16th Director-General of the GBC
- In office 2016–2018
- President: John Mahama (November 2016-January 2017) Nana Akufo-Addo (January 2017-January 2018)
- Preceded by: Albert Don-Chebe
- Succeeded by: Amin Alhassan

Personal details
- Education: University of Calgary
- Occupation: General Manager & Director-General of the GBC (2016–2018); Public Servant;
- Profession: Academic

= Kwame Akuffo Anoff-Ntow =

Ghanaian academic, journalist and broadcasting executive

Kwame Akuffo Anoff-Ntow is a Ghanaian journalist, academic and public servant.

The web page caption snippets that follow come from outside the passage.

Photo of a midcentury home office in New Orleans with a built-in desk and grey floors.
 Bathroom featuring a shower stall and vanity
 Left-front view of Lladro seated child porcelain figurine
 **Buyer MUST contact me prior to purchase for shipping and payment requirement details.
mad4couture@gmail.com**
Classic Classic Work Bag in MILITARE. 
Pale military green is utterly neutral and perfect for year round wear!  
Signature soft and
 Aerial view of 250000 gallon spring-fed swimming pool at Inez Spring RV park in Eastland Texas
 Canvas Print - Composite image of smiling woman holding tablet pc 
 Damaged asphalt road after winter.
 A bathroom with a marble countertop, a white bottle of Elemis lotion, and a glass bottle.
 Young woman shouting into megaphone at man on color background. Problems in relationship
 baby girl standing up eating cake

He was the 16th Director General of the Ghana Broadcasting Corporation from 2016 to 2018.

Anoff-Ntow was born in October 1964. He holds a doctorate degree (Doctor of Philosophy) in Communications Studies from the University of Calgary, Canada, where he used the Ghana Broadcasting Corporation as a case study for his thesis; "Public Broadcasting and the politics of media in Ghana: a case study of GBC". As an academic, his research interests are in the sphere of newsroom journalism, the politics and public broadcasting in Africa, communication policies and the politics involved in visual representation.

He is a member of the International Public Television (INPUT) forum, the Ghana Journalists Association, and the Canadian Communication Association. He also serves on the board of the African Centre for Parliamentary Affairs (ACEPA).